Today’s first-quarter trading update from cybersecurity solutions provider Sophos Group (LSE: SOPH) has sent the stock plummeting and it’s down around 20% as I write. Is this a good opportunity to pick up a few of the shares on the cheap?
The FTSE 250 company says its products help secure the networks used by around 100m people across 150 countries and 100,000 businesses including well-known names such as Pixar, Under Armour, Northrop Gumman, Xerox, Ford, Avis and Toshiba. The operation is large and heading towards what looks like sustainable annual profits. The company’s strategy involves keeping IT security simple and reliable as networks grow in complexity, which involves managing networks, servers and devices through the cloud.
Good, but not as good as expected
The full first-quarter trading update – covering the months of April, May and June – is scheduled for release on 26 July. But in today’s update the firm said it expects to report growth in billings for the first quarter of the year up 6% compared to the equivalent period last year and up 2% at constant currency rates. The directors said there was a strong performance in revenue and cash flow driven by a “strong demand environment.”

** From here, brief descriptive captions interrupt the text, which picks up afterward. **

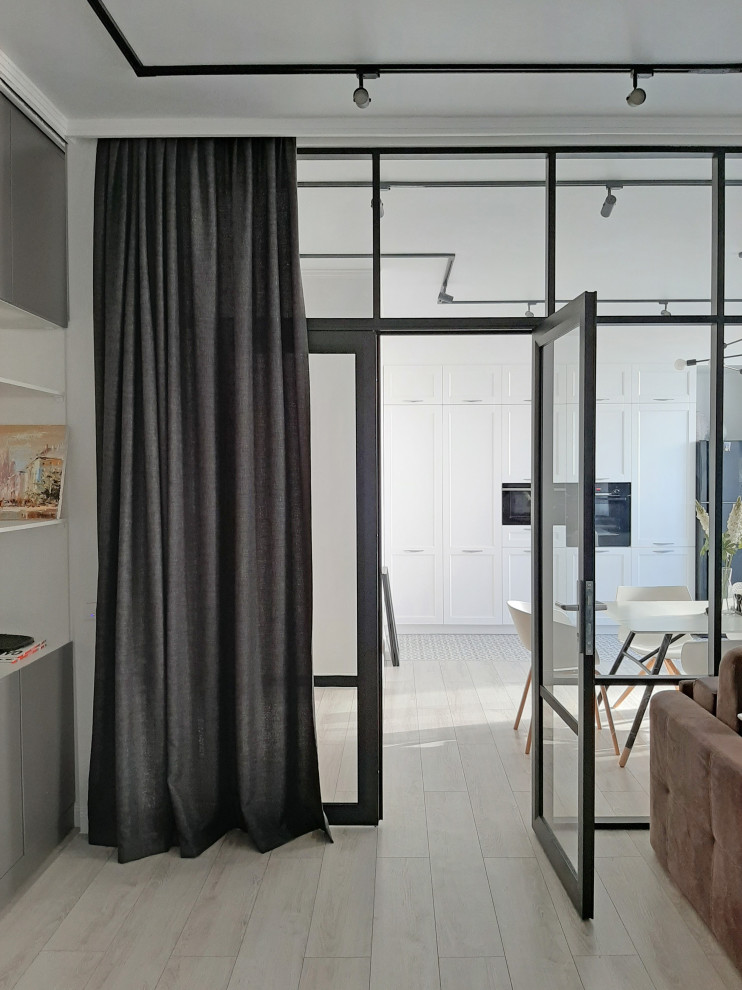 Стеклянная перегородка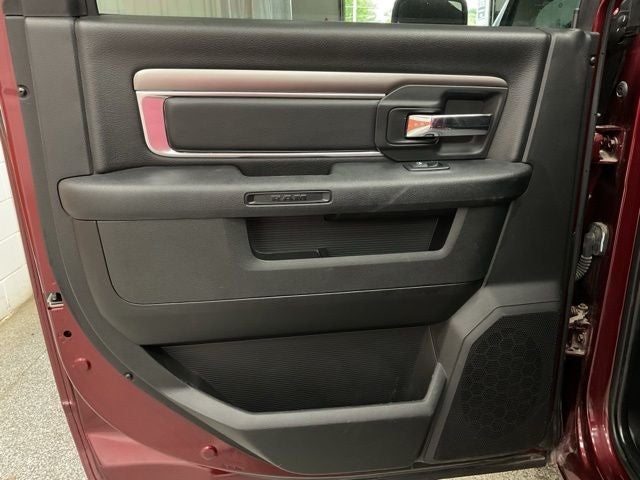 2024 RAM 1500 Classic Warlock Crew Cab 4x4 5'7' Box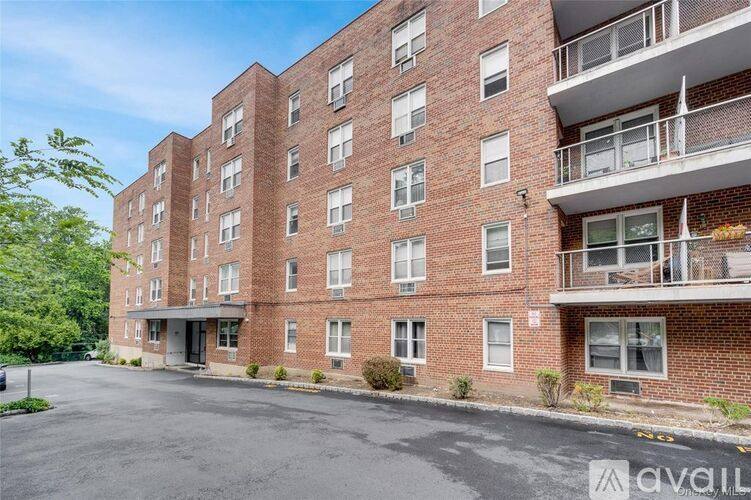 510 Midland Ave #2, Yonkers, NY 10704 - Condo for Rent - Image 7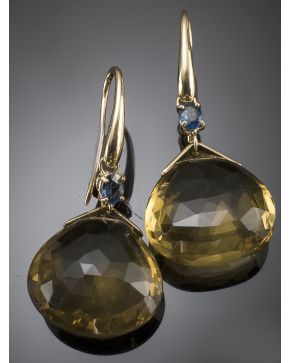 699-PENDIENTES LARGOS DE ZAFIROS Y CITRINOS. Montura de oro amarillo de 18 k.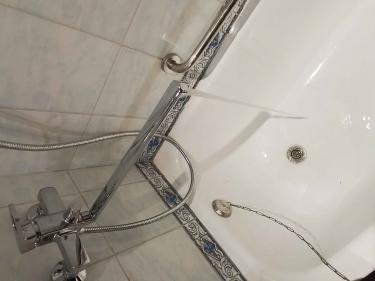 Заменена кранбукса в смесителе. Устранены протечки, восстановлена герметичность. Обновленный механизм обеспечивает плавное открытие и закрытие потока воды. Работы завершены успешно.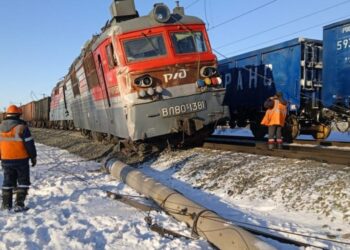 В Абайской области грузовой поезд сошёл с рельсов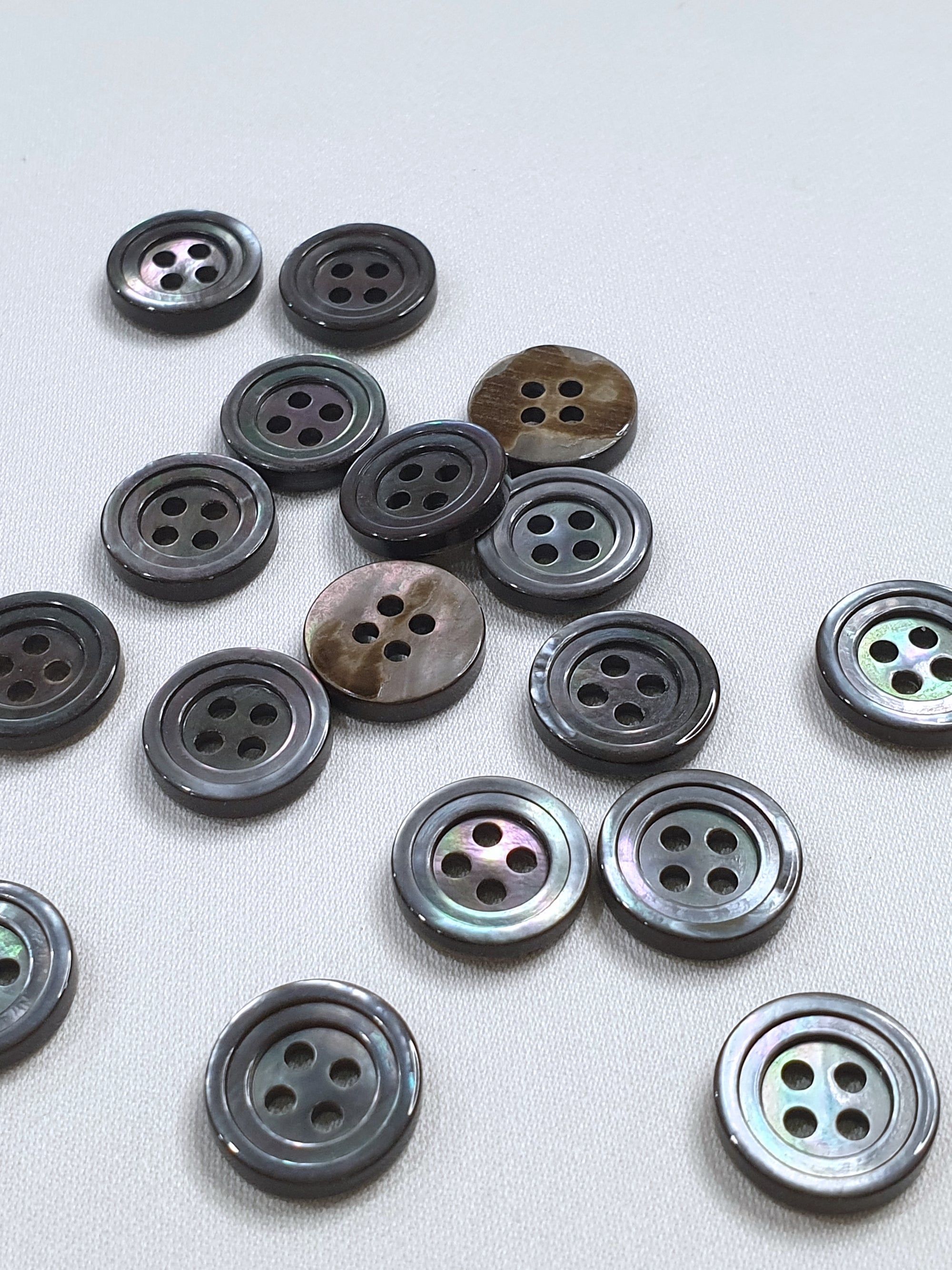 SP02/G HUBERROSS Arsenic Grey Colored Trocus Shell Buttons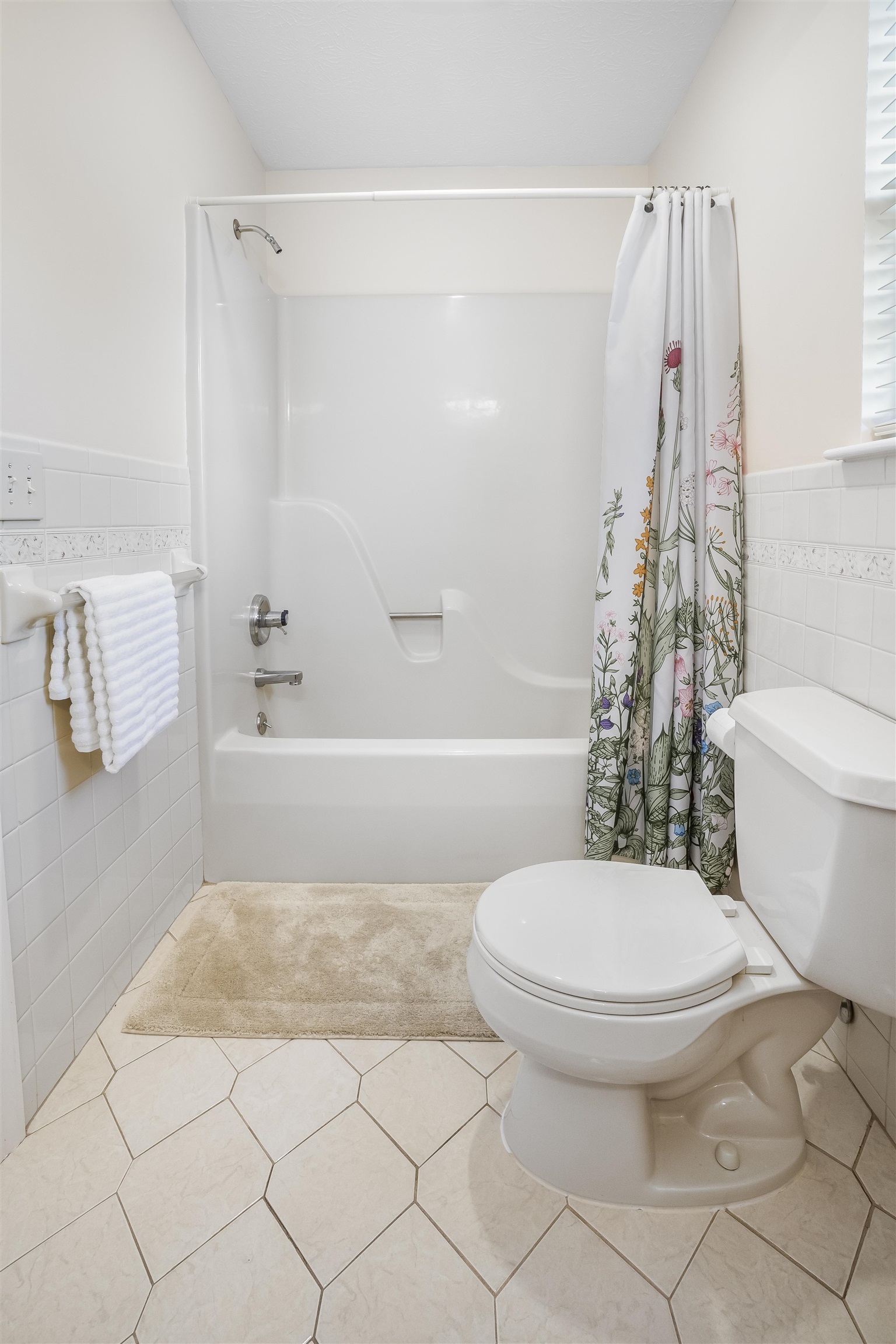 105 AMBER LN, BRIDGEWATER, Virginia 22812, 4 Bedrooms Bedrooms, ,3 BathroomsBathrooms,Residential,105 AMBER LN,680541 MLS # 680541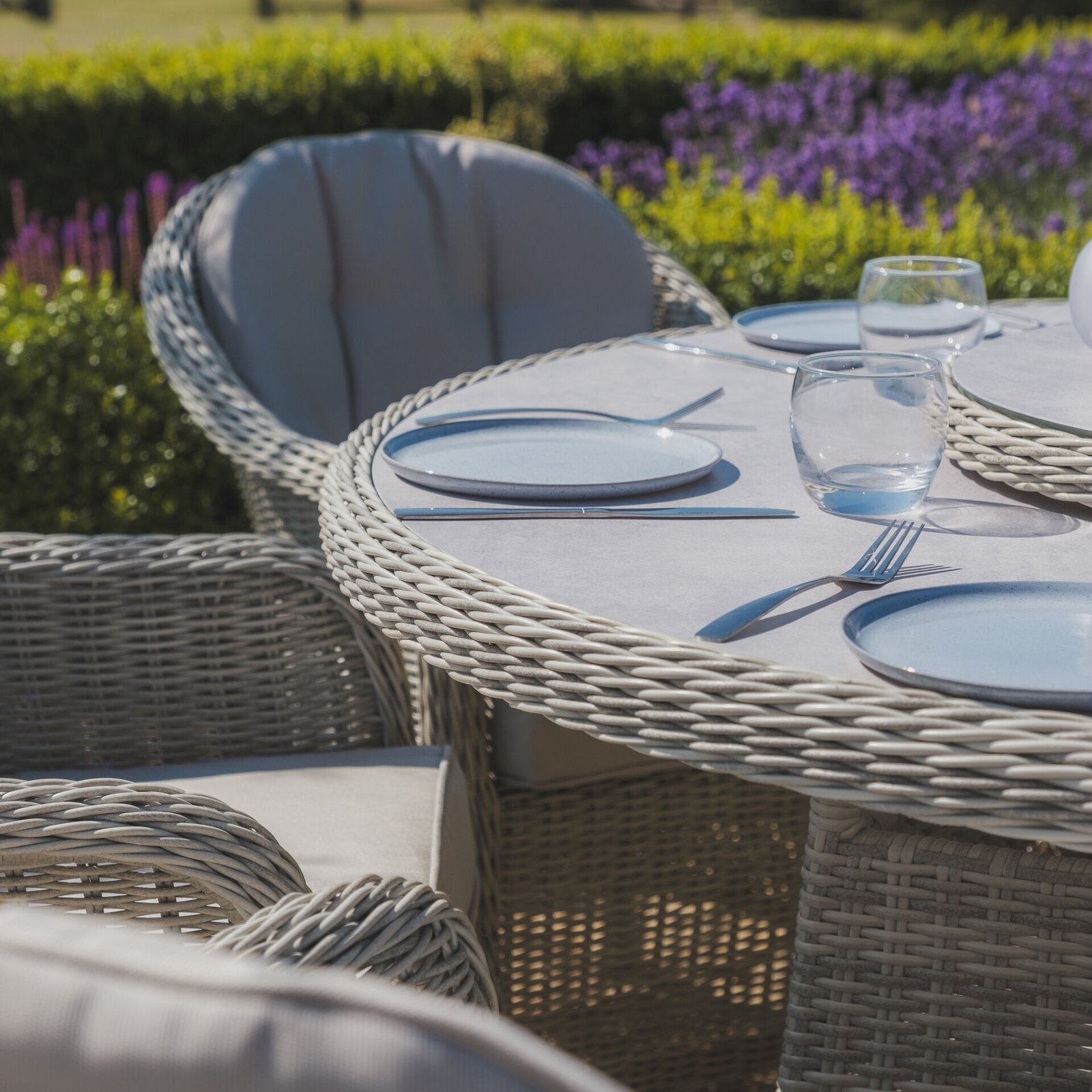 A Oxford 6 Seat Round Dining Set with Heritage Dining Chairs & Woven Lazy Susan - Ceramic Glass - Image 4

That all sounds good but Q1 billings are lower than previously expected, so the company is actually reporting a ‘miss’ on anticipated business volumes, which could explain the share-price tumble. The firm points to its Enduser security business as being responsible for the shortfall because it “faced a particularly challenging comparable.”
A miss on expectations it might have been, but underlying Enduser billings growth in the first quarter of 2018 was up 50% at constant currency rates after adjusting for a material contract that affected the figures in 2017, which is impressive and a good indicator that the growth story here remains on track. The directors reckon that high-profile global ransomware attacks, such as that by WannaCry, drove “the significant increase in demand for our Endpoint protection solutions.” The firm’s new next-generation endpoint solution, Intercept X, made a maiden contribution to the billing mix in the first quarter, which also helped the outcome.
Earnings set to rise
Looking forward, the company expects the same factors to influence the second quarter of the year, which will be measured against an “easier” prior-year comparable. Then, “as the prior-year comparators normalise,” the firm is anticipating ongoing constant currency billings growth measurable in mid-teen percentages in the second half of the year. Meanwhile, City analysts following the firm expect earnings to decline 6% for the trading year to March 2019 before shooting up around 44% the year after that.
Even after today’s share-price fall, the forward price-to-earnings ratio sits around 50, so the shares aren’t cheap when measured against these green-shoot earnings. But there’s a tangible growth story unfolding, which makes me keen to keep an eye on the stock with the idea of picking up a few shares at opportune moments.